Brief descriptive captions:
* * * * *

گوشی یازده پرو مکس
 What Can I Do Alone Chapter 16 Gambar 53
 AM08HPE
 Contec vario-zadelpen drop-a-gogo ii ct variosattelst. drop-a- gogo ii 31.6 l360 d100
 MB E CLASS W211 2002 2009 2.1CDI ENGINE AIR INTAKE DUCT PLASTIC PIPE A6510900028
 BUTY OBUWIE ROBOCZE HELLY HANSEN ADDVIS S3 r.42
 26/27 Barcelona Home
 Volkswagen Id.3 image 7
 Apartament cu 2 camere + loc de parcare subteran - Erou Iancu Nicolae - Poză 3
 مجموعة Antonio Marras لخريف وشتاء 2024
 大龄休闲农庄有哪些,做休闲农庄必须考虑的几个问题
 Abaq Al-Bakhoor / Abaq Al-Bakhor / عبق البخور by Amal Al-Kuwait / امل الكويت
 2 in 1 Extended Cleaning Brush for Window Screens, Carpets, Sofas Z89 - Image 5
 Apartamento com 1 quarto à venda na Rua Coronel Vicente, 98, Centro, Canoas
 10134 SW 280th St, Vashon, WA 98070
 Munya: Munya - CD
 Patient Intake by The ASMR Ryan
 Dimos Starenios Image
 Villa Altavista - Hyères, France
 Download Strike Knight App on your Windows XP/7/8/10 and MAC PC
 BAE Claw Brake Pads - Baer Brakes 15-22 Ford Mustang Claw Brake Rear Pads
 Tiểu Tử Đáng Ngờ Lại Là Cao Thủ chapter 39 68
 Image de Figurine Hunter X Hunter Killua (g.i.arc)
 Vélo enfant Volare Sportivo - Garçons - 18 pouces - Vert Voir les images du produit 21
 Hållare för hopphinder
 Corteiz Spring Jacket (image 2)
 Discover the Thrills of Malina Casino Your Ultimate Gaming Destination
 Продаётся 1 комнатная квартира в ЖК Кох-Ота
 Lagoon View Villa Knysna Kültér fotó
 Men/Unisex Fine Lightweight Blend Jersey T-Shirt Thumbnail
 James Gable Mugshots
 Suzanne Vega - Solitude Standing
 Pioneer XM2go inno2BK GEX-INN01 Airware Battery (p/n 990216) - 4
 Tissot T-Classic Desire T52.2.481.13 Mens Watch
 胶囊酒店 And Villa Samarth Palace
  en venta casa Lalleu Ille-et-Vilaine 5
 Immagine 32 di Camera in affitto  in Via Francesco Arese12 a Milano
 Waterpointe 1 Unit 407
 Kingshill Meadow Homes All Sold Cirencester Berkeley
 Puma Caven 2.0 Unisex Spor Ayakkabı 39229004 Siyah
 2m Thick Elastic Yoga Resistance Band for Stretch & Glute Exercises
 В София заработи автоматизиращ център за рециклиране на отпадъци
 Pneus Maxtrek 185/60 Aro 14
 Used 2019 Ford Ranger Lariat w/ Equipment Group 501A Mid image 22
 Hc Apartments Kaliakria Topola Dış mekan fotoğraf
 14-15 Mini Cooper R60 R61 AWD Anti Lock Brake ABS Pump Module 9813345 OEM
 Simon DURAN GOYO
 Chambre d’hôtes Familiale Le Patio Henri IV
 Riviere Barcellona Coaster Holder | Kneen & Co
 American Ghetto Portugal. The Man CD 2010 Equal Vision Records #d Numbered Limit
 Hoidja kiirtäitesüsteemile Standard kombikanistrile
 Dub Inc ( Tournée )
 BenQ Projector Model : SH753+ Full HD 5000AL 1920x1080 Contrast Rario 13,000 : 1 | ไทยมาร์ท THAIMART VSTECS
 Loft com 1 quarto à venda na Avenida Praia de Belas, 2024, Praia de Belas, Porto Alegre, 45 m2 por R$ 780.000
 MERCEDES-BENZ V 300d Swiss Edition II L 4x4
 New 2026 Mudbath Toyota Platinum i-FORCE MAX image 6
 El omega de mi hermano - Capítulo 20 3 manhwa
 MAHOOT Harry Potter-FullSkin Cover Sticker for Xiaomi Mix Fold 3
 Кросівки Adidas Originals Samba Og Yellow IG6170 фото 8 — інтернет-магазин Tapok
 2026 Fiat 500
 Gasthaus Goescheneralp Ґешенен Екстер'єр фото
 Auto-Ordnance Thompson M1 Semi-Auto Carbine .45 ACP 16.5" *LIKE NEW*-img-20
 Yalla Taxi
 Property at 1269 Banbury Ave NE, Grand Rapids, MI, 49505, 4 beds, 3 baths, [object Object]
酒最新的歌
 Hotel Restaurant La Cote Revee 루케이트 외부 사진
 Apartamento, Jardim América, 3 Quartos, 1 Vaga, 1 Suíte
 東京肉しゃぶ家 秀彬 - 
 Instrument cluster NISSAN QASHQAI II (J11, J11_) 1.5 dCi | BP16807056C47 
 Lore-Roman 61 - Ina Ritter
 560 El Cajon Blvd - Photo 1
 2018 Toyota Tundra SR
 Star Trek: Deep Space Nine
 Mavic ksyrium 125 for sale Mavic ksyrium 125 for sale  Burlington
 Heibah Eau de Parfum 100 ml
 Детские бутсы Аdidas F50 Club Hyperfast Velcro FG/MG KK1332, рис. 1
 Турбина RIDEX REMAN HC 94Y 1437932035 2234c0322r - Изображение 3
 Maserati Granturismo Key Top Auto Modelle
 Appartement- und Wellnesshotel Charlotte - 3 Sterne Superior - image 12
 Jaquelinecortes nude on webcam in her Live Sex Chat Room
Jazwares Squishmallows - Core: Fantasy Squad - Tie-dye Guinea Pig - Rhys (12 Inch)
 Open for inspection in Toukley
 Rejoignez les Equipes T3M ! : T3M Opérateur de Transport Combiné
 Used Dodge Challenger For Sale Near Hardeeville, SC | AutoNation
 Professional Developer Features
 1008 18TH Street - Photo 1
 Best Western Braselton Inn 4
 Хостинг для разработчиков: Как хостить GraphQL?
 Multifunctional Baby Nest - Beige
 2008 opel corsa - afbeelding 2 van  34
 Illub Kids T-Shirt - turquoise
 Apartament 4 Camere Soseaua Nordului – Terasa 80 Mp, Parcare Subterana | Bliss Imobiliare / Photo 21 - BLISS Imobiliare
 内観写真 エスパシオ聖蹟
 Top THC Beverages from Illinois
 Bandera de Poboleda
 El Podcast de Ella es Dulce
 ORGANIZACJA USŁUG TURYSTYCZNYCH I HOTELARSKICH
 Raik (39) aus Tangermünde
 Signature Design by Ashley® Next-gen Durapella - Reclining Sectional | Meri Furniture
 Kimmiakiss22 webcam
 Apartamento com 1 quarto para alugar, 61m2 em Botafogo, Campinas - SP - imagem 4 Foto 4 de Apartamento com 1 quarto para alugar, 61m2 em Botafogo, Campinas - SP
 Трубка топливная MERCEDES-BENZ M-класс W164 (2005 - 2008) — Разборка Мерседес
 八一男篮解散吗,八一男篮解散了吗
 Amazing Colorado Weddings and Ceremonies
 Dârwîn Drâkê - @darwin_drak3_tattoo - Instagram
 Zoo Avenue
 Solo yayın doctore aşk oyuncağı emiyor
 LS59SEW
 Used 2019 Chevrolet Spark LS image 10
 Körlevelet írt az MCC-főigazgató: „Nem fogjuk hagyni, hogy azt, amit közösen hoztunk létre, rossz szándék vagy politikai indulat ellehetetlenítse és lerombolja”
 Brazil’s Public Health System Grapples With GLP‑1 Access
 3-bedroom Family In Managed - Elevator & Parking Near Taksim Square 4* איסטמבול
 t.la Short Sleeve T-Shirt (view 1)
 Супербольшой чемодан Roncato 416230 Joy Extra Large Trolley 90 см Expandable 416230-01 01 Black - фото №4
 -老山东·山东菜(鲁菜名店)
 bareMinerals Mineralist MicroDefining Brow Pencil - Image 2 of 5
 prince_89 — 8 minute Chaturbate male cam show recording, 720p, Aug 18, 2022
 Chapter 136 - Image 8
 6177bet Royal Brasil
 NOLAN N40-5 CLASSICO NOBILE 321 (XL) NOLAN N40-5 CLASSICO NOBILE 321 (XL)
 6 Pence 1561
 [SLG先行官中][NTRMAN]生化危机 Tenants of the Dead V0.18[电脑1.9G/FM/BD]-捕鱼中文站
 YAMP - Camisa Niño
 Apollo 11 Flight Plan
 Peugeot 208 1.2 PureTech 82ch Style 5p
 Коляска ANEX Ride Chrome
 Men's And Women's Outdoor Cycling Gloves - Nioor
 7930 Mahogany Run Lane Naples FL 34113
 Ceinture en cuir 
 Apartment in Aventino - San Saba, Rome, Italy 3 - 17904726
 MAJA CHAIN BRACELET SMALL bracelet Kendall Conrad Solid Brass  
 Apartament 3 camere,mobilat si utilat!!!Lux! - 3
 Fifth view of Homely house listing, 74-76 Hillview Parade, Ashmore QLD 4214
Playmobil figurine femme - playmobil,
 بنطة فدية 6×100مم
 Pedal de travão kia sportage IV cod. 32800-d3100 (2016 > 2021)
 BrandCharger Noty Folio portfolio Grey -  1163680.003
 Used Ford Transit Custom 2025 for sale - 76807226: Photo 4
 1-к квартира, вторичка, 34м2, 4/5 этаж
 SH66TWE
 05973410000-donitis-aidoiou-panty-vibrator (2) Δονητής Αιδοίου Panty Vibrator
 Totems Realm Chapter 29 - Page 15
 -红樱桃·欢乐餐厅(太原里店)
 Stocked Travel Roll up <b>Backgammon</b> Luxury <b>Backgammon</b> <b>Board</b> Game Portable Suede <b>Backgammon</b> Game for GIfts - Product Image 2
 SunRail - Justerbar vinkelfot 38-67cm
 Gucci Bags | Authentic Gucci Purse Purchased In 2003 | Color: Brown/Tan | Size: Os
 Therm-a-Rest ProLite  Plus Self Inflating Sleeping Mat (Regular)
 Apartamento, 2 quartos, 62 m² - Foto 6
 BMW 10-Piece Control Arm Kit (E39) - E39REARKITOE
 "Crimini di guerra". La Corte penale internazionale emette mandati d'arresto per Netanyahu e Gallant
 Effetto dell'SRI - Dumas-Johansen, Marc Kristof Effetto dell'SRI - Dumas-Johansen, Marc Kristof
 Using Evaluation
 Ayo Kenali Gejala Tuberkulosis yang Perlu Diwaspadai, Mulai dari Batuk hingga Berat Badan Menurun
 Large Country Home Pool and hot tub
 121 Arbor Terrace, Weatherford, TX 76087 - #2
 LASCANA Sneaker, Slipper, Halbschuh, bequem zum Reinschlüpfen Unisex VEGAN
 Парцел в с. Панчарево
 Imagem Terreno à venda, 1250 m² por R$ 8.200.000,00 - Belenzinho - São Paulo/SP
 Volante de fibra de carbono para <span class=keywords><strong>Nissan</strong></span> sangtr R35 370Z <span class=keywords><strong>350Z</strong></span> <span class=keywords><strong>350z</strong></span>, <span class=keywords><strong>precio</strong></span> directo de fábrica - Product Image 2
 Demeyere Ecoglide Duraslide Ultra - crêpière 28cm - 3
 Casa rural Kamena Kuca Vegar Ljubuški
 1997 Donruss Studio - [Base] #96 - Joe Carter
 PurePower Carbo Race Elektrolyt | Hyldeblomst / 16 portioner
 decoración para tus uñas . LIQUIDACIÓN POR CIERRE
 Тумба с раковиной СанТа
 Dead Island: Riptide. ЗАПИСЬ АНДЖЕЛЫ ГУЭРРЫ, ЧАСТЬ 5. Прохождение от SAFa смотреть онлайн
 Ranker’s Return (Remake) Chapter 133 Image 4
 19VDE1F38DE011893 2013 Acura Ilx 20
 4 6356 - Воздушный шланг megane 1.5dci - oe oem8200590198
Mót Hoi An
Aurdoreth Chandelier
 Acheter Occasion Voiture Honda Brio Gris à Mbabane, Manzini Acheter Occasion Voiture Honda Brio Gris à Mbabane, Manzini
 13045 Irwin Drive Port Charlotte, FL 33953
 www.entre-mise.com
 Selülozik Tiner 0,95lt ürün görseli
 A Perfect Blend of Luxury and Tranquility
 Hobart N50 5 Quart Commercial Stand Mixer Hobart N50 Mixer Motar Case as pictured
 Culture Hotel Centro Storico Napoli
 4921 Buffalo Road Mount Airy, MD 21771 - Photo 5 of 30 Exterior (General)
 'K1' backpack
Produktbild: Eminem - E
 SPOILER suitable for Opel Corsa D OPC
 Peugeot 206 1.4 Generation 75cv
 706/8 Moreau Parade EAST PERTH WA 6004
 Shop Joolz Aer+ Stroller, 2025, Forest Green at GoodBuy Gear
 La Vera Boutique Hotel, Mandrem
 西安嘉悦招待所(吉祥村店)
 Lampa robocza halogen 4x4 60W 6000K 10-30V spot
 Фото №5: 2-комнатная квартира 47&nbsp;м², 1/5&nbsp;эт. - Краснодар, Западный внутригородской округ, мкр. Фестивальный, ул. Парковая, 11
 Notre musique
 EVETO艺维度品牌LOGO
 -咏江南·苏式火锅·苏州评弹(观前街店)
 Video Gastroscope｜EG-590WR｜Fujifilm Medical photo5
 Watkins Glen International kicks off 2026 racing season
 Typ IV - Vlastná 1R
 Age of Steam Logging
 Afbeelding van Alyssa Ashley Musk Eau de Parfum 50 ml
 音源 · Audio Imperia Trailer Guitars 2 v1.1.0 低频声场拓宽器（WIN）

* * * * *

> _Prompt_
Starting at the line that has "Demeyere Ecoglide Duraslide" and ending at the line that has "Typ IV - Vlastná 1R", please write out the lines above exactly, leaving out all others.

> _Answer to the exercise_
 Demeyere Ecoglide Duraslide Ultra - crêpière 28cm - 3
 Casa rural Kamena Kuca Vegar Ljubuški
 1997 Donruss Studio - [Base] #96 - Joe Carter
 PurePower Carbo Race Elektrolyt | Hyldeblomst / 16 portioner
 decoración para tus uñas . LIQUIDACIÓN POR CIERRE
 Тумба с раковиной СанТа
 Dead Island: Riptide. ЗАПИСЬ АНДЖЕЛЫ ГУЭРРЫ, ЧАСТЬ 5. Прохождение от SAFa смотреть онлайн
 Ranker’s Return (Remake) Chapter 133 Image 4
 19VDE1F38DE011893 2013 Acura Ilx 20
 4 6356 - Воздушный шланг megane 1.5dci - oe oem8200590198
Mót Hoi An
Aurdoreth Chandelier
 Acheter Occasion Voiture Honda Brio Gris à Mbabane, Manzini Acheter Occasion Voiture Honda Brio Gris à Mbabane, Manzini
 13045 Irwin Drive Port Charlotte, FL 33953
 www.entre-mise.com
 Selülozik Tiner 0,95lt ürün görseli
 A Perfect Blend of Luxury and Tranquility
 Hobart N50 5 Quart Commercial Stand Mixer Hobart N50 Mixer Motar Case as pictured
 Culture Hotel Centro Storico Napoli
 4921 Buffalo Road Mount Airy, MD 21771 - Photo 5 of 30 Exterior (General)
 'K1' backpack
Produktbild: Eminem - E
 SPOILER suitable for Opel Corsa D OPC
 Peugeot 206 1.4 Generation 75cv
 706/8 Moreau Parade EAST PERTH WA 6004
 Shop Joolz Aer+ Stroller, 2025, Forest Green at GoodBuy Gear
 La Vera Boutique Hotel, Mandrem
 西安嘉悦招待所(吉祥村店)
 Lampa robocza halogen 4x4 60W 6000K 10-30V spot
 Фото №5: 2-комнатная квартира 47&nbsp;м², 1/5&nbsp;эт. - Краснодар, Западный внутригородской округ, мкр. Фестивальный, ул. Парковая, 11
 Notre musique
 EVETO艺维度品牌LOGO
 -咏江南·苏式火锅·苏州评弹(观前街店)
 Video Gastroscope｜EG-590WR｜Fujifilm Medical photo5
 Watkins Glen International kicks off 2026 racing season
 Typ IV - Vlastná 1R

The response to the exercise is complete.